Сейчас Бэйб говорил о сочинениях С.Л.Р.Джеймса, историка и социального мыслителя, которого он очень любил.
– Жаль, что больше мне его почитать не придется, Томас, – вздохнул Бэйб. – Я всегда пропускал его посвященные крикету лирические пассажи. Джеймс связывал эту игру с жизнью в Западной Индии, с колониализмом, Шекспиром, Гегелем – с чем ни попади. Я, в тогдашнем моем молодом пуританском невежестве, считал его рассуждения сентиментальным вздором.

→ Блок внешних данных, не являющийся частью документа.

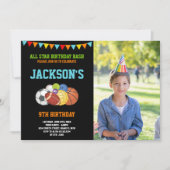 オールスターズ ブラック スポーツ パーティー 誕生日 写真付き 招待状 (正面)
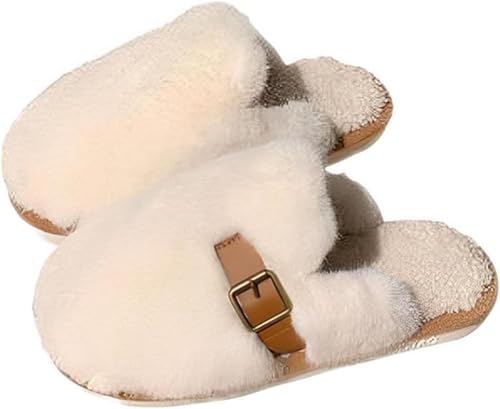 Niedliche Flauschige Warme Und Bequeme Retro Hausschuhe Für Damen Im Herbst Und Winter Modische Lässige Und Vielseitige Plüsch Hausschuhe (Weiß,38-39) von Hecatombic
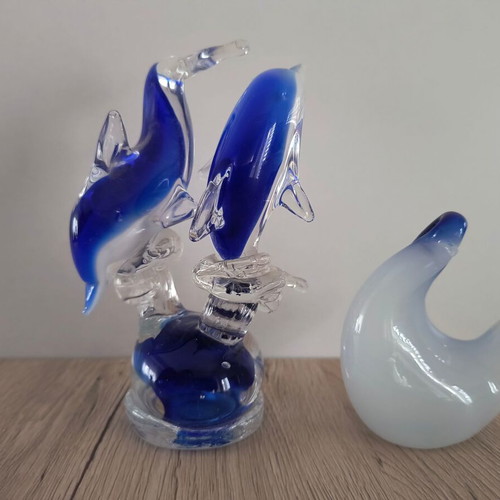 Glass decorative dolphins and bird new, pack of 2 pieces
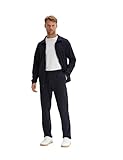 Morgenstern Hausanzug Herren Set Trainingsanzug Freizeitanzug Baumwolle 2-teilig langarm Jacke lange Hose Marineblau Größe L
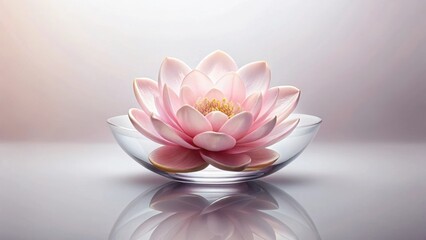 Serene Pink Water Lily Blossom in a Clear Glass Bowl on Reflective Surface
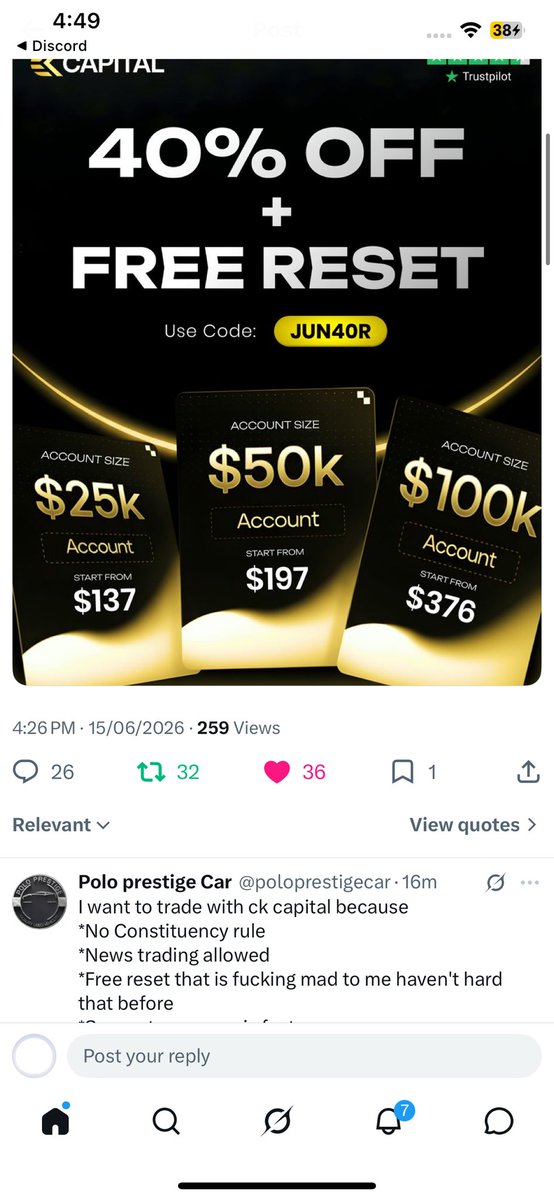 mrnext0090's tweet photo. @ckcapitaluk_ I appreciate your firm because of the free reset option, flexible rules, and active Discord community.
It creates a great environment for traders to grow with confidence. https://t.co/W2RNXYVz5s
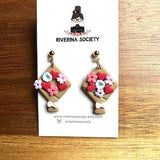 Clay earrings, bouquet clay earrings, Mother earrings, Valentines clay earrings, teatime earrings, cute earrings dangle, flower, gift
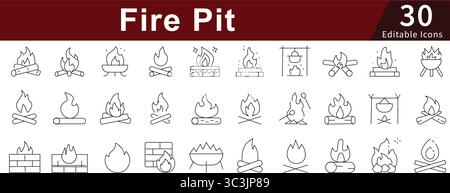 Fire Pit Editable Line Icons Set for Camping, Outdoor, Bonfire, and Barbecue Activities Stock Vector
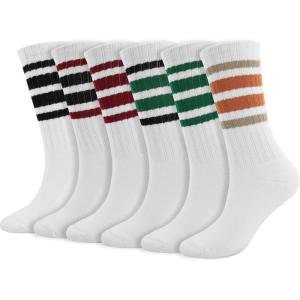 imageBomKinta Striped Crew Socks Women  Retro Novelty Socks  Stretchy Casual Athletic Cotton Sock Size 5116 Pairs  White Mix Color 4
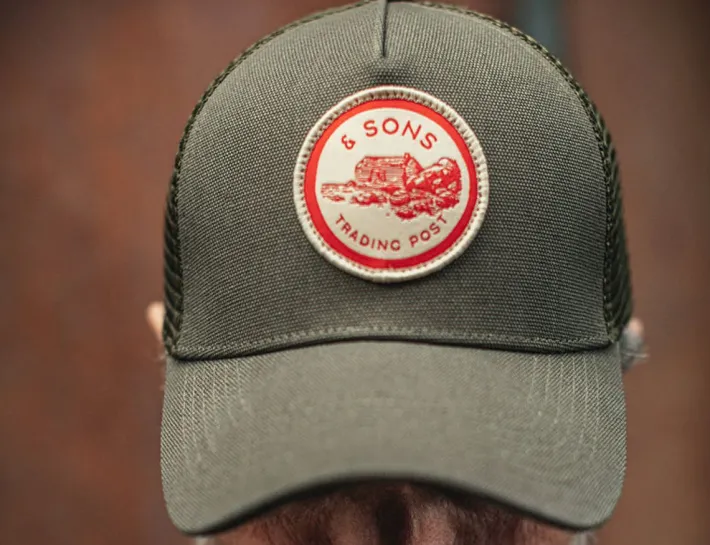 &SONS Headwear-Trucker Badge Cap Army Green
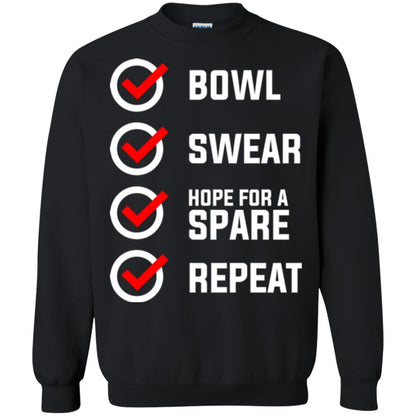Bowling Lover T-shirt Bowl Swear Hope For A Spare Repeat Black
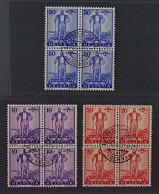 SCHWEIZ 294-96 Viererblock (SBK W2-4), Patria 1936, Zentrum-Stempel, 260,- SFr - Used Stamps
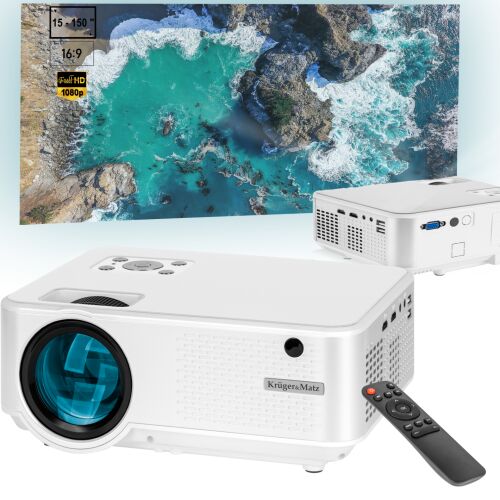 Full HD USB LED projektor 5000Lm 150"-os távirányítóval Kruger&Matz V-LED20 144805400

– Знаете, я был хорошим игроком, – сказал Нед. – Думаю даже, что, обернись все иначе, я играл бы за Оксфорд, а то и за команду графства. Господи, какая нелепость говорить о крикете по-итальянски. Может, сменим язык?
– Определенно, – ответил Бэйб по-голландски. – Этот подходит намного лучше, тебе не кажется? В Голландии немного играют в крикет.
– Вроде бы. Отец преклонялся перед князем Ранжитсинжи. Я вам о нем не рассказывал? Золотой век крикета. Говорили, что следить за скольжением его ноги было все равно что любоваться Тадж-Махалом при лунном свете.
– Я как-то видел Тадж-Махал при лунном свете. Разочаровывающее зрелище, наподобие…
– Я знаю, – с ноткой нетерпения в голосе прервал его Нед, – вы рассказывали. Я плохо спал этой ночью, отец снова являлся мне во снах.
– К середине тутошних долгих зим мозг всегда обращается к прошлому, – заметил Бэйб, принимая дубль Неда и пододвигая к нему кубик. – Кости в плечах ноют, ты вертишься. Ничего, весна уже недалеко. Тогда тебе полегчает. – И Бэйб еле слышно насвистел мелодию.
– «Валькирии», – сказал Нед. – Акт первый, сцена третья. «Siehe, der Lenz lacbt in den Saal» Смотри, весна улыбается в окна.
– В самое яблочко. А это? – Бэйб посвистел еще.
– Да ну их совсем, – отмахнулся Нед, переходя на английский. – Я сегодня не в настроении подвергаться экзамену. Я все еще хочу знать, понимаете. Мне нужно знать.